Active Learning Guided Discovery of High Entropy Oxides Featuring High H2-production

High entropy oxides (HEOs) represent a class of solid solutions comprising multiple elements, offering significant scientific potential. Due to the enormous combination types of elements, the design of HEOs with desirable properties within high-dimensional composition spaces has traditionally relied heavily on knowledge and intuition. In this study, we present an active learning (AL) strategy tailored to efficiently explore the vast compositional space of HEOs. Our approach operates as a closed-loop system, iteratively cycling through "Training, Prediction, and Experiment" stages.

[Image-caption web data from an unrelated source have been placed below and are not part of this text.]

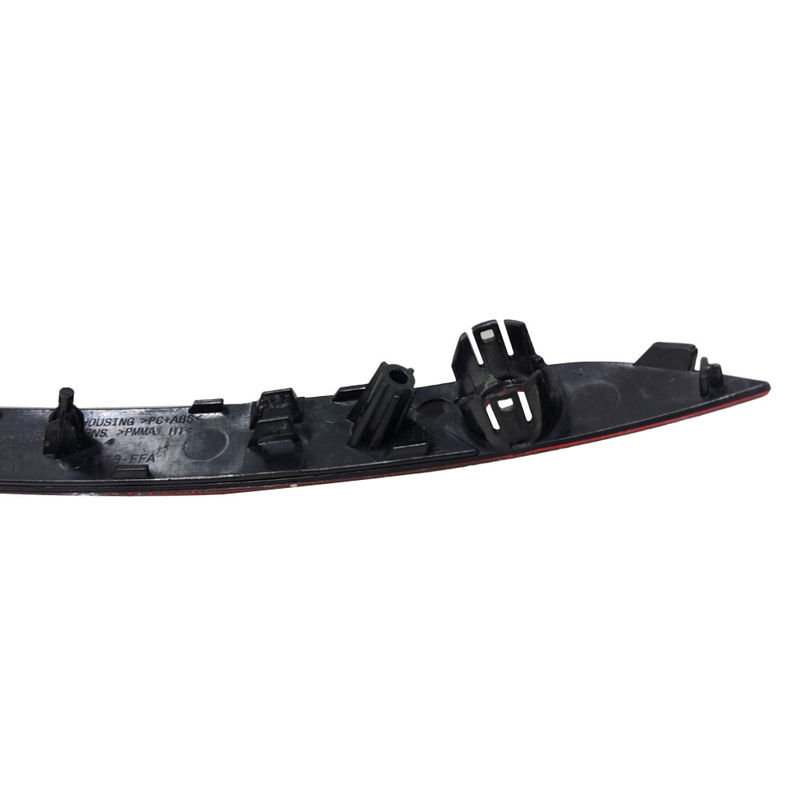 31656586 Левый задний бамперный фонарь Автозадний отражатель Для Auto Parts S60 20-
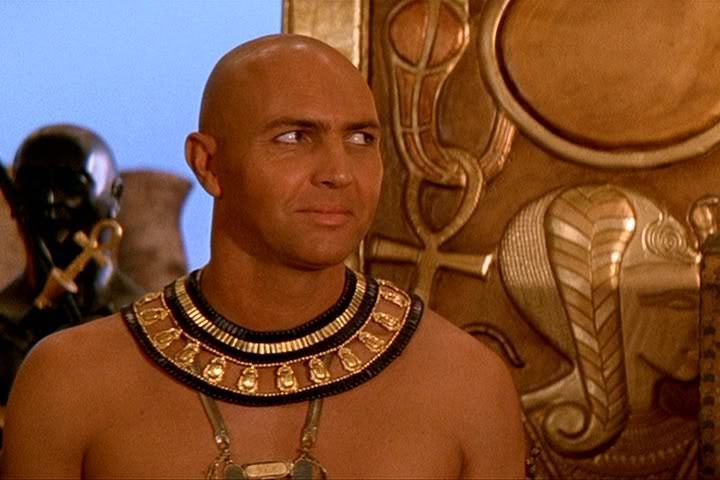 Image - Imhotep-The-Mummy-Returns-high-priest-imhotep-10551428-720-480 ...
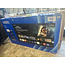 Vizio 55" Vizio 4K LED HDR Smart V4K55C-0801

Across multiple AL iterations, we have successfully identified four novel HEOs from a vast array of potential compositions. These newly discovered materials exhibit exceptional stability and demonstrate outstanding performance in H₂ evolution rate (251 μmol g_cat^-1 min^-1) during the water-gas shift reaction, surpassing benchmarks set by established catalysts such as Pt/γ-Al₂O₃ (135 μmol g_cat^-1 min^-1) and Cu/ZnO/Al₂O₃ (81 μmol g_cat^-1 min^-1). X-ray photoelectron spectroscopy and density functional theory calculations revealed a loss of elemental identity in the selected HEOs. This catalyst discovery process underscores the efficacy of Machine Learning in accelerating the identification of HEOs with unique characteristics by effectively leveraging insights from limited experimental data.